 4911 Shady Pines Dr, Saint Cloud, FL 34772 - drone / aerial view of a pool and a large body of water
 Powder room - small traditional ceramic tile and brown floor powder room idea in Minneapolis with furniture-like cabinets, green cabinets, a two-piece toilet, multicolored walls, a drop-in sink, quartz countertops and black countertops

:::

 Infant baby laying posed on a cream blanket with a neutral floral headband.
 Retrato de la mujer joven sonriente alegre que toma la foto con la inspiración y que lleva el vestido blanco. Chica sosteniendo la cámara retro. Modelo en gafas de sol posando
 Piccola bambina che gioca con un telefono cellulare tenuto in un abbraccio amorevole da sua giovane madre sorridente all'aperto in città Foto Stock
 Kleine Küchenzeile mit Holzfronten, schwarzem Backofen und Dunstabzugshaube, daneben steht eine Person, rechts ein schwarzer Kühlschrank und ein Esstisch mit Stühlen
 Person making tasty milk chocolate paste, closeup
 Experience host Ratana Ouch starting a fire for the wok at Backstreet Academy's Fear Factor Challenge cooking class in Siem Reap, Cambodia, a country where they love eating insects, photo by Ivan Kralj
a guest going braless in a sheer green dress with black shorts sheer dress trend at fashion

:::

__Task goal__: Look above for the line containing "Person making tasty" and the line containing "a guest going". Transcribe both, with the lines between them, exactly.

__Your response__:
 Person making tasty milk chocolate paste, closeup
 Experience host Ratana Ouch starting a fire for the wok at Backstreet Academy's Fear Factor Challenge cooking class in Siem Reap, Cambodia, a country where they love eating insects, photo by Ivan Kralj
a guest going braless in a sheer green dress with black shorts sheer dress trend at fashion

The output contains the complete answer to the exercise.